Exercise goal :: A faithful, complete transcript of the entries below, without pictures, should be returned.

Records shown ::

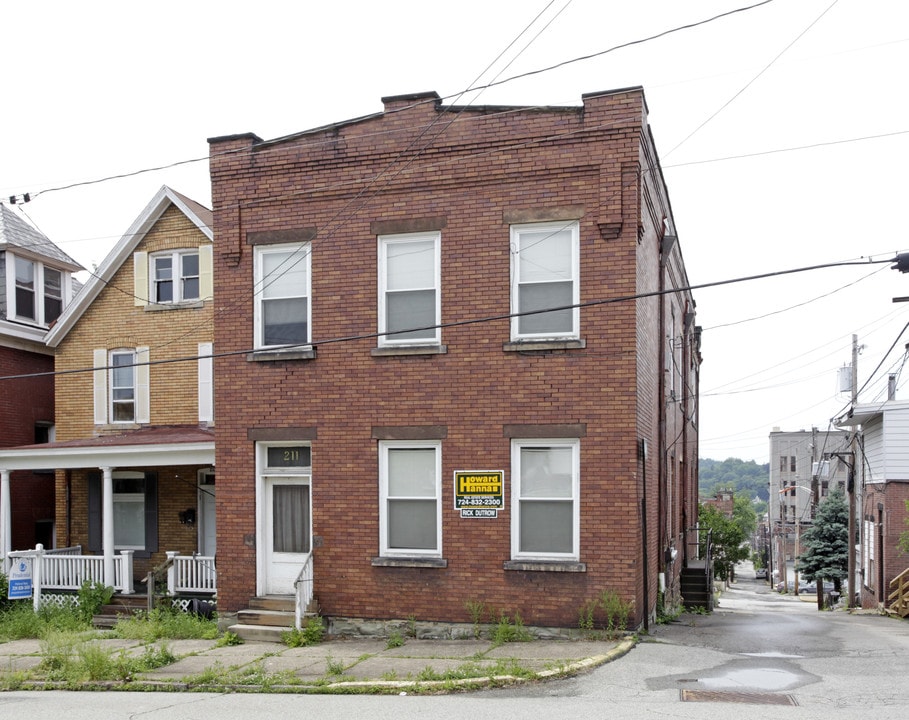 211 S 2nd St in Jeannette, PA - Foto de edificio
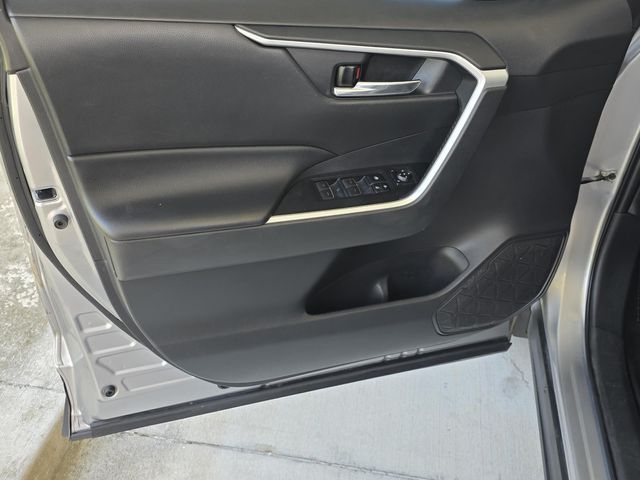 Used 2022 Toyota RAV4 SUV
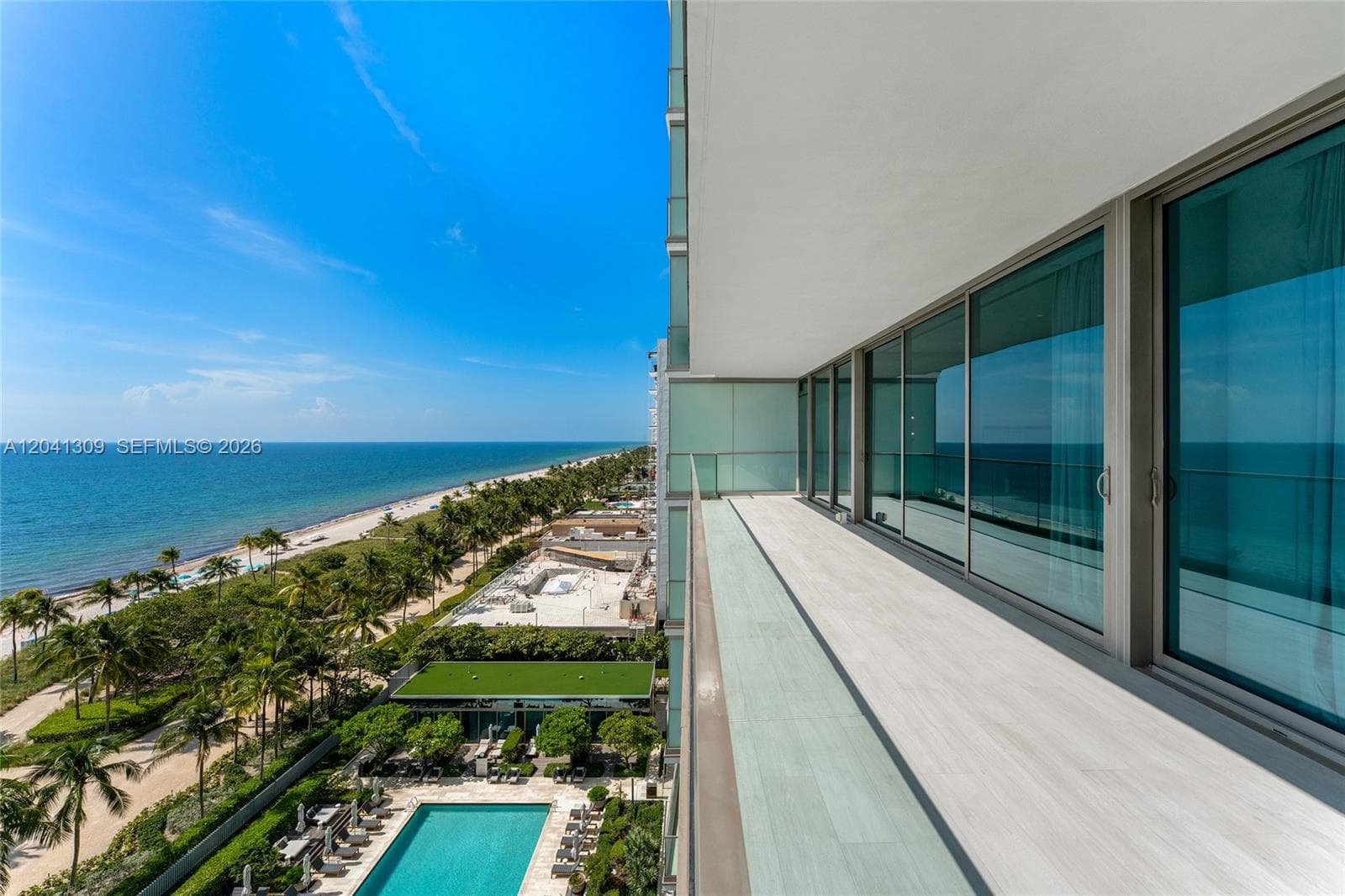 10201 Collins Ave # 906, Bal Harbour, FL 33154 — zdjęcie 3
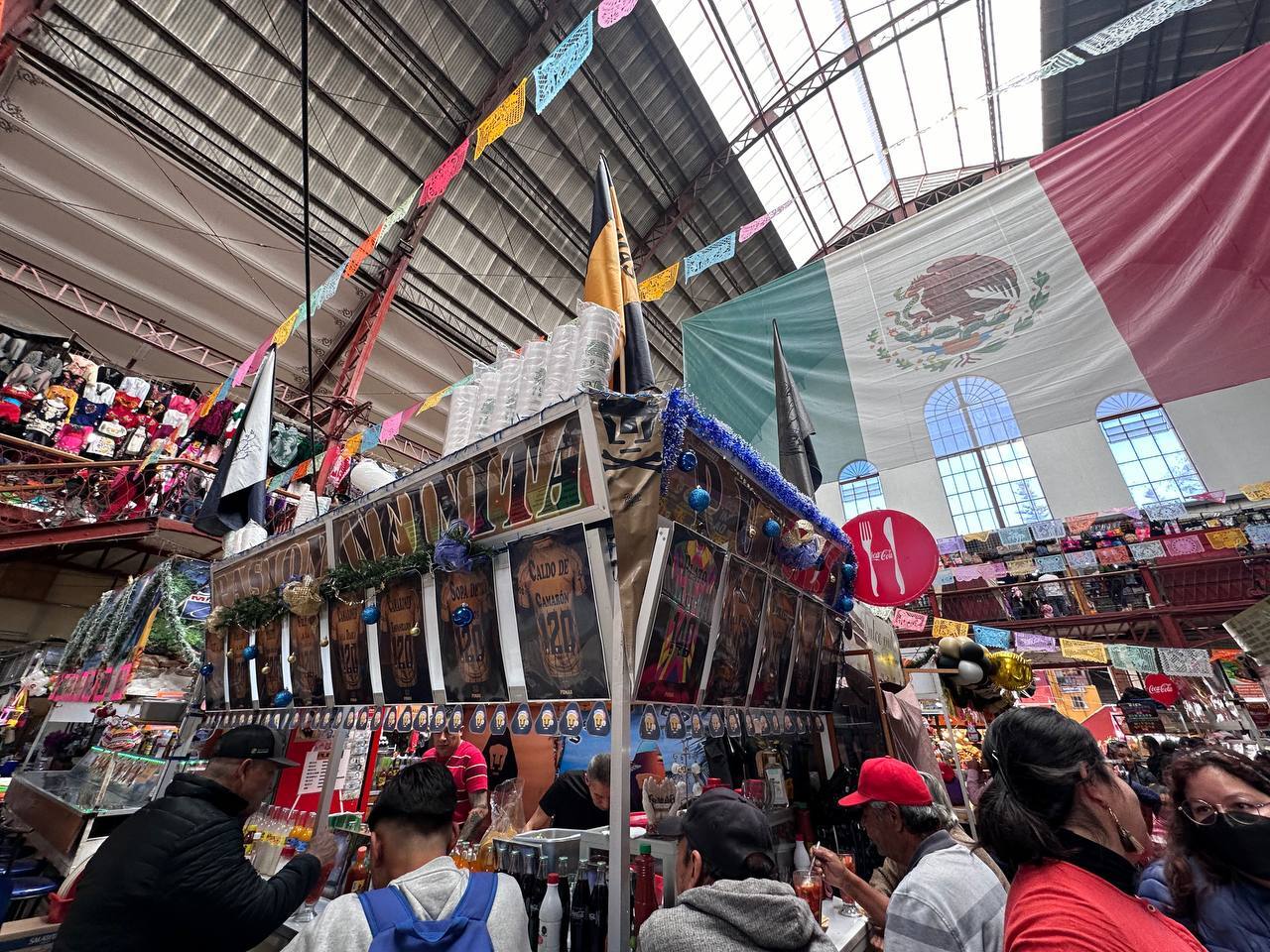 Sabores del mar y fútbol: Mariscos Los Pumas, un clásico en el Mercado Hidalgo de Guanajuato capital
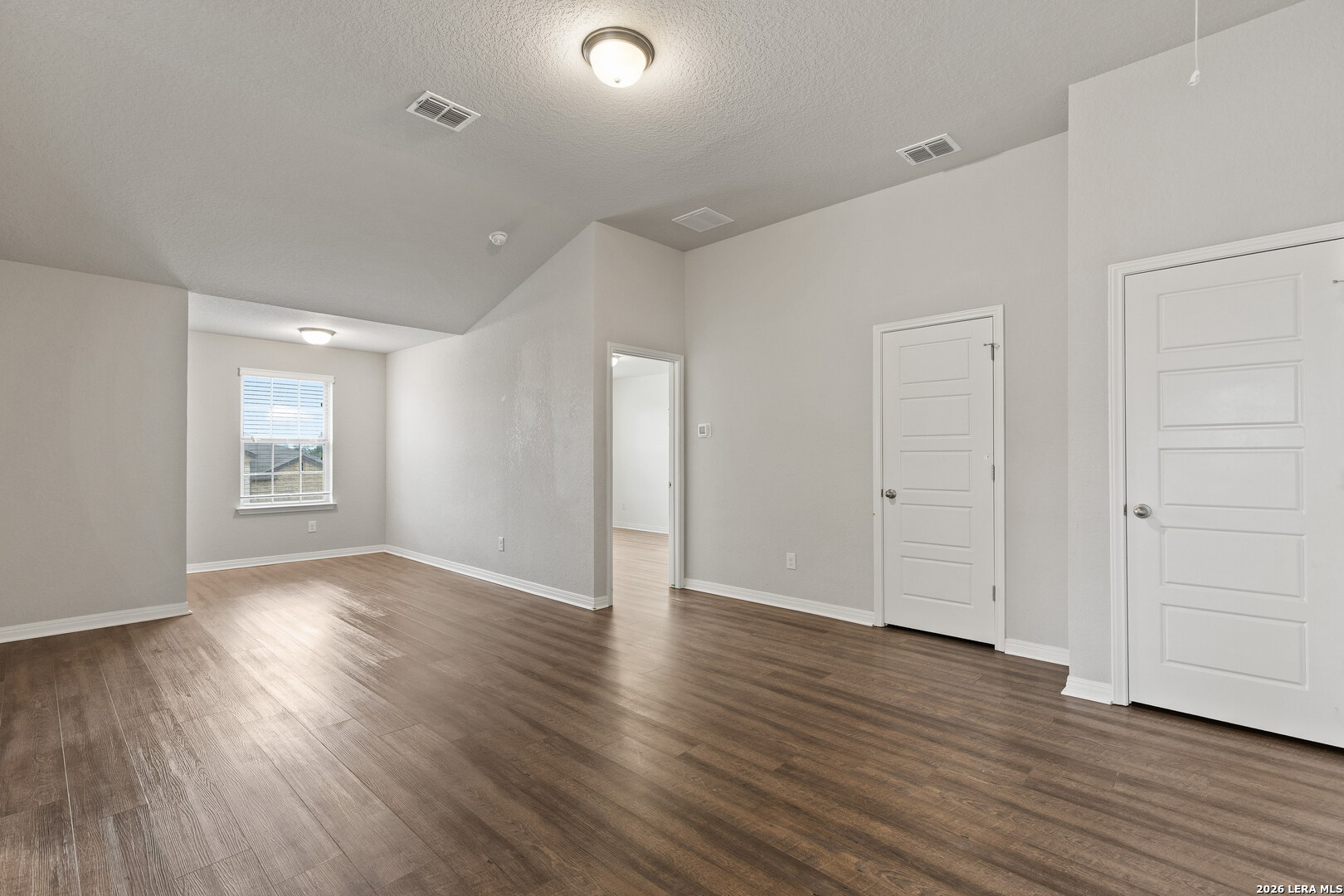 121 Abbeydell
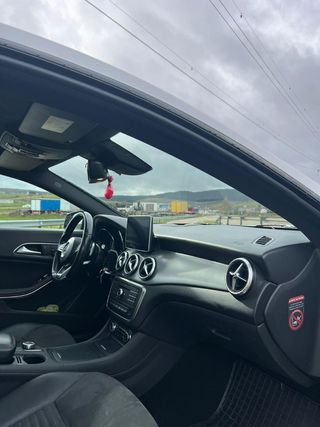 Mercedes-Benz Clase CLA 2015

Task response ::
 211 S 2nd St in Jeannette, PA - Foto de edificio
 Used 2022 Toyota RAV4 SUV
 10201 Collins Ave # 906, Bal Harbour, FL 33154 — zdjęcie 3
 Sabores del mar y fútbol: Mariscos Los Pumas, un clásico en el Mercado Hidalgo de Guanajuato capital
 121 Abbeydell
 Mercedes-Benz Clase CLA 2015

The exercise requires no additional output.